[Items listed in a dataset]
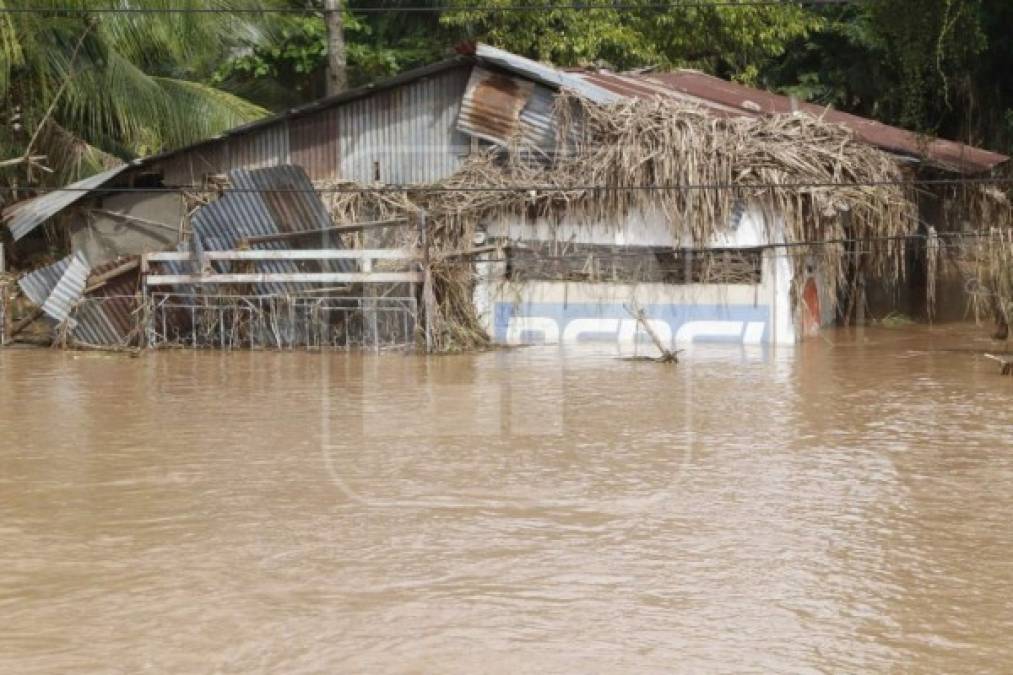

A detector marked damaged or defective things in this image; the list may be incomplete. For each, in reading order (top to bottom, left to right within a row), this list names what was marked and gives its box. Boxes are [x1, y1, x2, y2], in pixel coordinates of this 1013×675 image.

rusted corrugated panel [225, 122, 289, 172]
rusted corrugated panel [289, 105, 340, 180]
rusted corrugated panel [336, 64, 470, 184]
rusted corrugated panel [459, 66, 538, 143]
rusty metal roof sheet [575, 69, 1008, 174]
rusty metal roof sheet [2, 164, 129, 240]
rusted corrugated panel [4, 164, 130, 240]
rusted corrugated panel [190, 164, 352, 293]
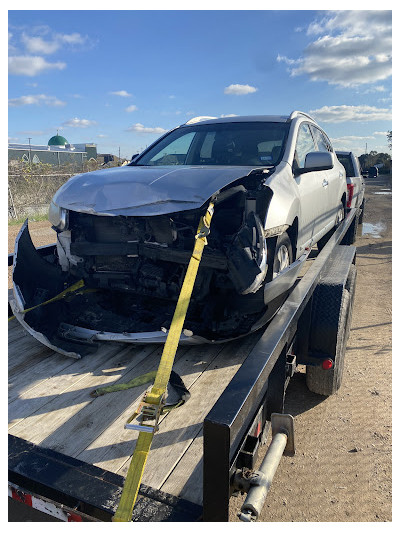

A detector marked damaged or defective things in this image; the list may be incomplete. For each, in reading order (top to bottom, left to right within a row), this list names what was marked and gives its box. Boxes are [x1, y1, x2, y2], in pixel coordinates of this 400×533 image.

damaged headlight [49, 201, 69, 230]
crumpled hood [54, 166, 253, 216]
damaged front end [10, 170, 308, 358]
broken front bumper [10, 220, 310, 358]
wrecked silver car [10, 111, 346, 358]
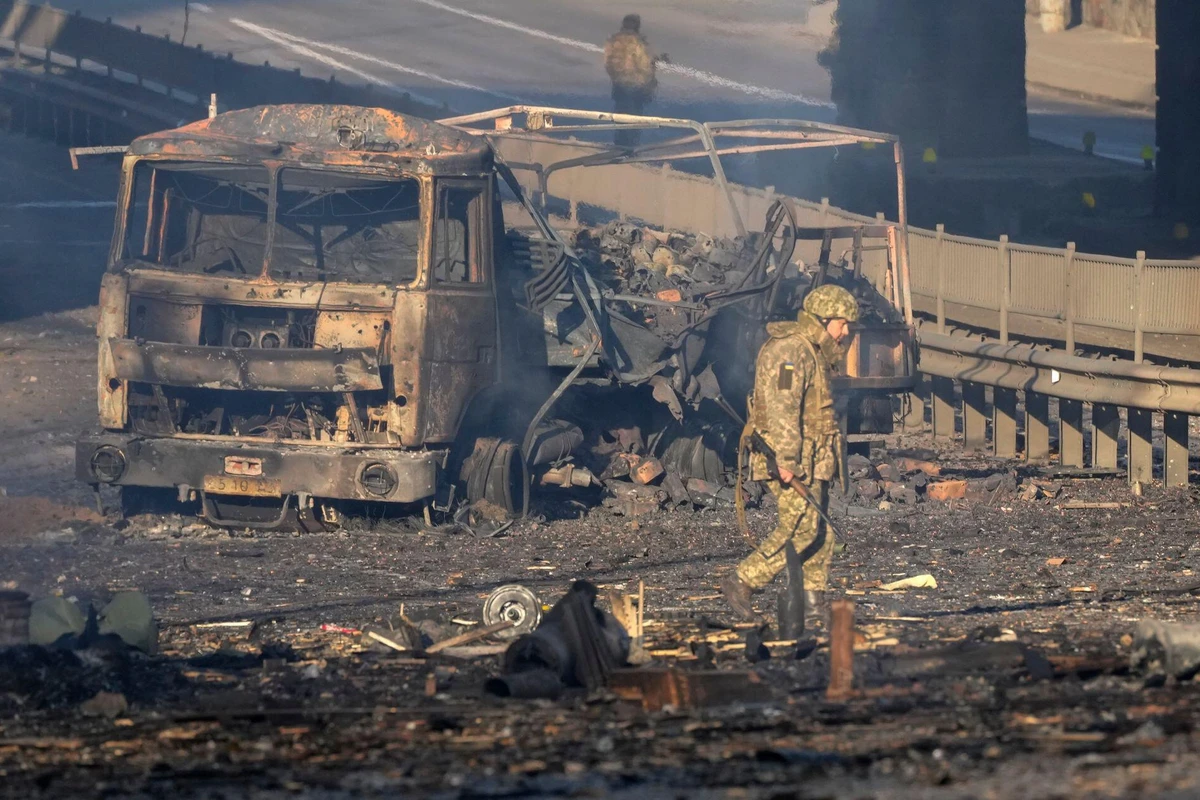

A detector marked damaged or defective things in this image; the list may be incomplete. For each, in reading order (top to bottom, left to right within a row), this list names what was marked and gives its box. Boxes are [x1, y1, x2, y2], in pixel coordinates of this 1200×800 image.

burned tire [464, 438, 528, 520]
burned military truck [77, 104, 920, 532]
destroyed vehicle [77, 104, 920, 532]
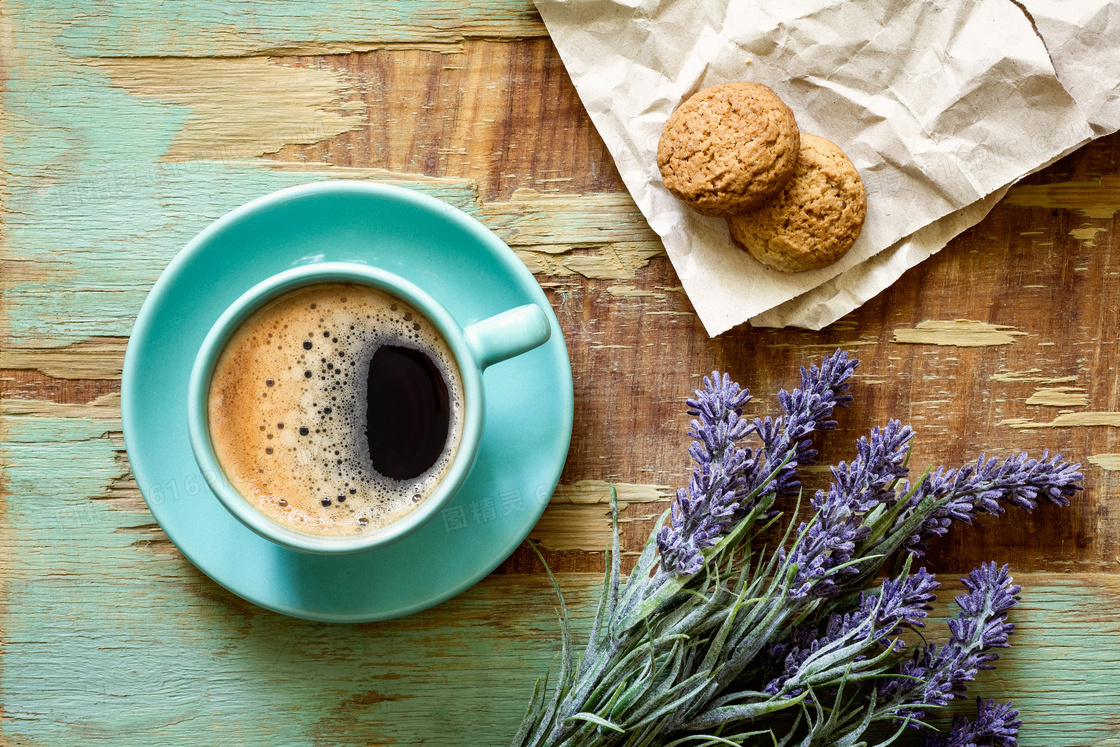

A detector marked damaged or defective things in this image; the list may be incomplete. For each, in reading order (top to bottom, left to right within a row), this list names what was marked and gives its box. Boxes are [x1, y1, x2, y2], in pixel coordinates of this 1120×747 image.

**REQUIRED ACTION**. Nothing but the records above, exact and without pictures, should appear in the answer.

**EXERCISE OUTPUT**.
A detector marked damaged or defective things in this image; the list may be incomplete. For each, in reading order (top to bottom, left to right within a row), this list names what was marked and gives its box. Boxes are [x1, y1, x2, y2], in pixel coordinates of this 1013×675 image.

rusted corrugated panel [225, 122, 289, 172]
rusted corrugated panel [289, 105, 340, 180]
rusted corrugated panel [336, 64, 470, 184]
rusted corrugated panel [459, 66, 538, 143]
rusty metal roof sheet [575, 69, 1008, 174]
rusty metal roof sheet [2, 164, 129, 240]
rusted corrugated panel [4, 164, 130, 240]
rusted corrugated panel [190, 164, 352, 293]

A detector marked damaged or defective things in this image; the list may be incomplete. For each, in reading order (top to bottom, left to right within a row), this list names what was marked and gives its box. Boxes are [x1, y1, x2, y2], in pixel coordinates of this 400×533 image.

damaged headlight [49, 201, 69, 230]
crumpled hood [54, 166, 253, 216]
damaged front end [10, 170, 308, 358]
broken front bumper [10, 220, 310, 358]
wrecked silver car [10, 111, 346, 358]

A detector marked damaged or defective things in this image; the list may be incomplete. For each, in reading order (top to bottom, left to right within a row), this list names what was marked and gives its box. Boxes are [x1, y1, x2, y2], in pixel coordinates of this 1200×800 image.

burned tire [464, 438, 528, 520]
burned military truck [77, 104, 920, 532]
destroyed vehicle [77, 104, 920, 532]

A detector marked damaged or defective things in this image; the list may be incomplete. For each, in reading order (top to bottom, left to right within a row), this list names what was marked and gives its box. Boxes are [x1, y1, x2, y2], in pixel coordinates of this 1120×747 image.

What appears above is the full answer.